The significant concerns surrounding the interaction between cement and superplasticizers have led to several challenges in the performance of concrete in real-world applications. This study investigates the interaction between different types of cement and superplasticizers and presents findings on their compatibility. Additionally, various interactions between cement and superplasticizers are utilized to assess the strength and durability properties of concrete.

Methods

Three distinct types of superplasticizers were utilized: sulfonated naphthalene (SNF), polycarboxylic ether (PCE), and polymeric ether (PME) based superplasticizers, in combination with Ordinary Portland Cement (OPC) and Portland Pozzolana Cement (PPC). Multiple concrete mixes with varying addition times of these superplasticizers were prepared and evaluated for their fresh and hardened concrete characteristics, including workability, strength, and sorptivity, among others.
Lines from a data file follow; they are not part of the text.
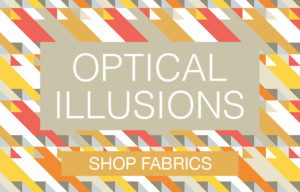 Optical Illusion Fabrics on WeaveUp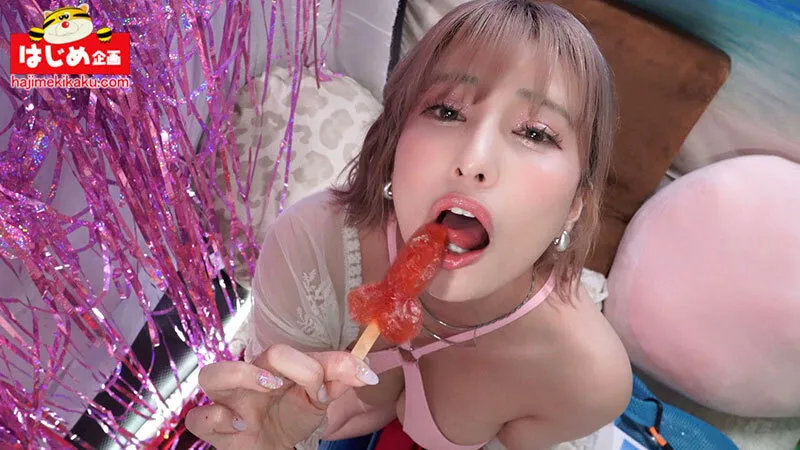 ノリ良し湘南ギャル参戦！棒アイスディープスロート早舐めチャレンジ ミッション失敗で即ズボ生ち●ぽ喉奥フェラ罰ゲーム サンプル画像 9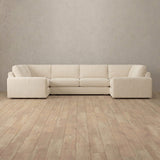 Linen Blend::Articture Signature Sofa Large Sectional Cream Linen Blend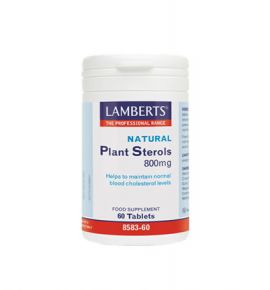 Lamberts Plant Sterols 800mg 60tabs - Υγεία καρδιαγγειακού συστήματος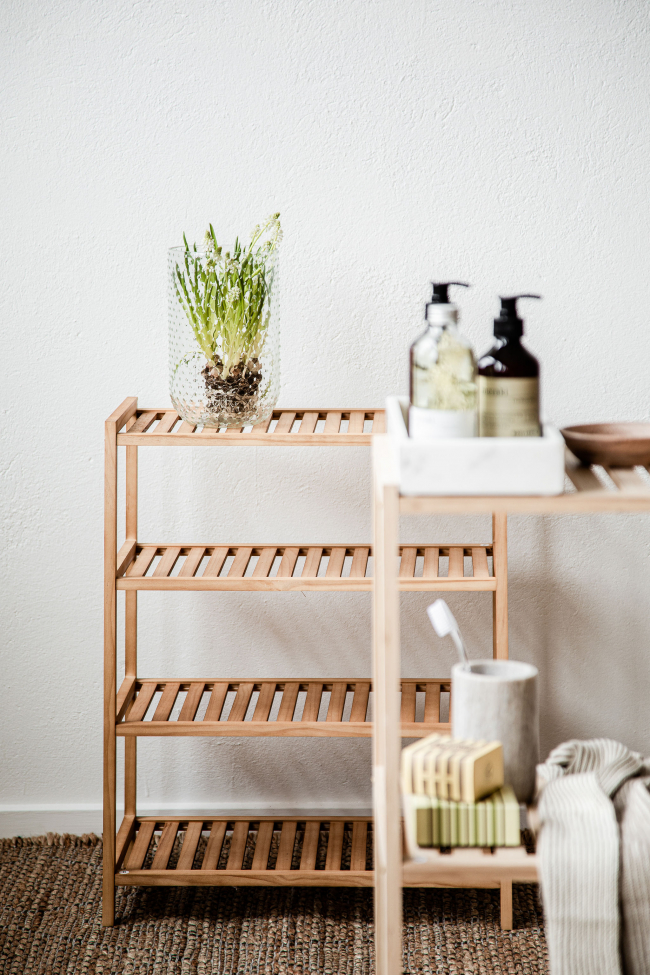 Półka na buty 'Lone' 4 - Naturalny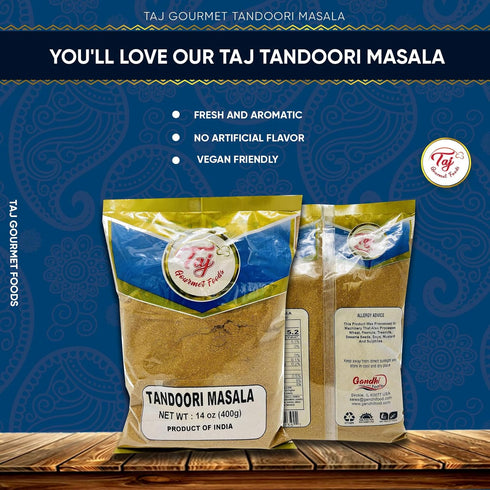 TAJ Tandoori Masala (Indian Spice Blend), 16-Ounce...
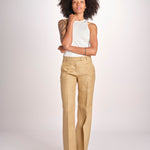 pantalone dritto in canapa MELODY L 33087 805 112 quelledue 
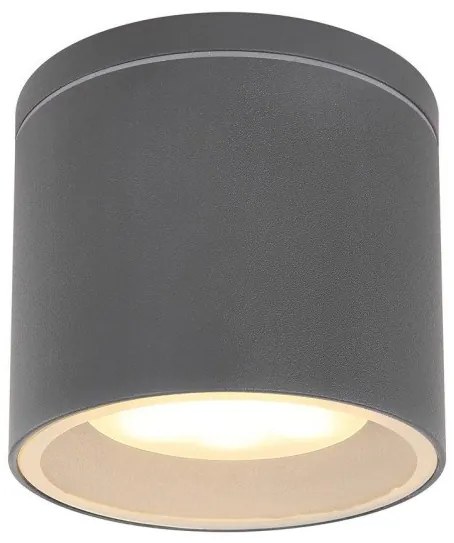 Πλαφονιέρα Φωτιστικό Οροφής Σποτ 1xGX53 Φ10,8cm Alcala Globo Lighting-32063A-Ανθρακί 32063A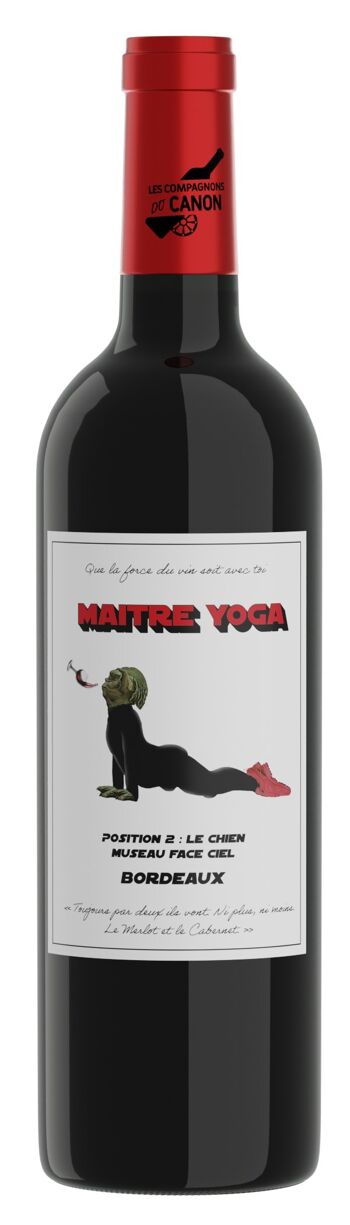 Lot de 3 bouteilles de Maitre Yoga 2020 - Bordeaux 5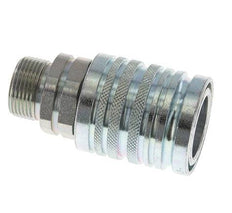 Acier DN 12.5 Coupleur hydraulique Manchon 16 mm S Anneau de compression ISO 7241-1 A/8434-1 D 20.5mm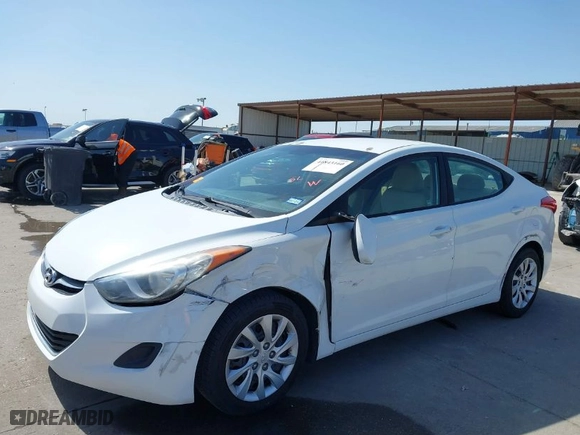 2012 Hyundai Elantra GLS PZEV with VIN 5NPDH4AE7CH073174, listed as a IAAI auction lot 41843160 with 101,380 mi miles. Bid and sale history available at carsss.com. Image 6.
Moreover, statistical analyses concerning different combinations of superplasticizers and cement, as well as varying addition times, were conducted to assess their respective impacts on concrete qualities.

Results

The findings of the hypothesis testing indicated a substantial correlation between the delayed addition time of PPC mixes and variables, such as compressive strength and workability, with correlation coefficients ranging from 0.95 to 0.98. Conversely, the correlation between these variables and OPC mixes was not found to be entirely significant (r; 0.85-0.89).

Discussion

The established relationship indicated an improvement in the properties of fresh concrete due to enhanced compatibility between different superplasticizers and cement, potentially aiding in the selection of optimal superplasticizer-cement combinations and addition times for superplasticizers.

Conclusion

In the present study, numerous interactions between cement and superplasticizer are utilized to assess the strength and durability characteristics of the concrete.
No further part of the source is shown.